The country supplies the town with the means of subsistence and the

materials of manufacture. The town repays this supply, by sending back a

part of the manufactured produce to the inhabitants of the country.

The town, in which there neither is nor can be any reproduction of

substances, may very properly be said to gain its whole wealth and

subsistence from the country. We must not, however, upon this account,

imagine that the gain of the town is the loss of the country. The gains

of both are mutual and reciprocal, and the division of labour is in

this, as in all other cases, advantageous to all the different persons

employed in the various occupations into which it is subdivided. The

inhabitants of the country purchase of the town a greater quantity of

manufactured goods with the produce of a much smaller quantity of their

own labour, than they must have employed had they attempted to prepare

them themselves. The town affords a market for the surplus produce

of the country, or what is over and above the maintenance of the

cultivators; and it is there that the inhabitants of the country

exchange it for something else which is in demand among them. The

greater the number and revenue of the inhabitants of the town, the more

extensive is the market which it affords to those of the country; and

the more extensive that market, it is always the more advantageous to

a great number. The corn which grows within a mile of the town, sells

there for the same price with that which comes from twenty miles

distance. But the price of the latter must, generally, not only pay the

expense of raising it and bringing it to market, but afford, too, the

ordinary profits of agriculture to the farmer. The proprietors and

cultivators of the country, therefore, which lies in the neighbourhood

of the town, over and above the ordinary profits of agriculture, gain,

in the price of what they sell, the whole value of the carriage of the

like produce that is brought from more distant parts; and they save,

besides, the whole value of this carriage in the price of what they

buy. Compare the cultivation of the lands in the neighbourhood of any

considerable town, with that of those which lie at some distance

from it, and you will easily satisfy yourself bow much the country is

benefited by the commerce of the town. Among all the absurd speculations

that have been propagated concerning the balance of trade, it has never

been pretended that either the country loses by its commerce with the

town, or the town by that with the country which maintains it.

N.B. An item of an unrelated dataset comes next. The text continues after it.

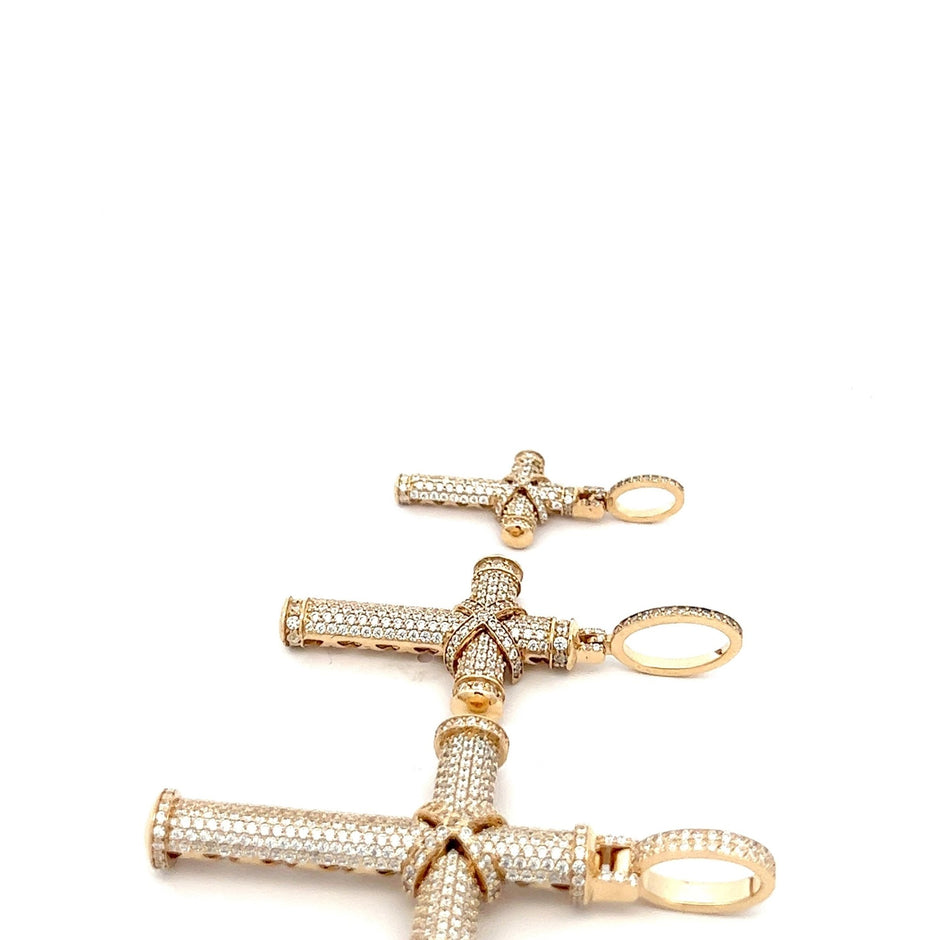 full iced Goldkreuz 14 kt (585 Gold) - Juwelier Benjaminfull iced Goldkreuz 14 kt (585 Gold)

As subsistence is, in the nature of things, prior to conveniency and

luxury, so the industry which procures the former, must necessarily

be prior to that which ministers to the latter. The cultivation and

improvement of the country, therefore, which affords subsistence, must,

necessarily, be prior to the increase of the town, which furnishes only

the means of conveniency and luxury. It is the surplus produce of

the country only, or what is over and above the maintenance of the

cultivators, that constitutes the subsistence of the town, which can

therefore increase only with the increase of the surplus produce. The

town, indeed, may not always derive its whole subsistence from the

country in its neighbourhood, or even from the territory to which it

belongs, but from very distant countries; and this, though it forms no

exception from the general rule, has occasioned considerable variations

in the progress of opulence in different ages and nations.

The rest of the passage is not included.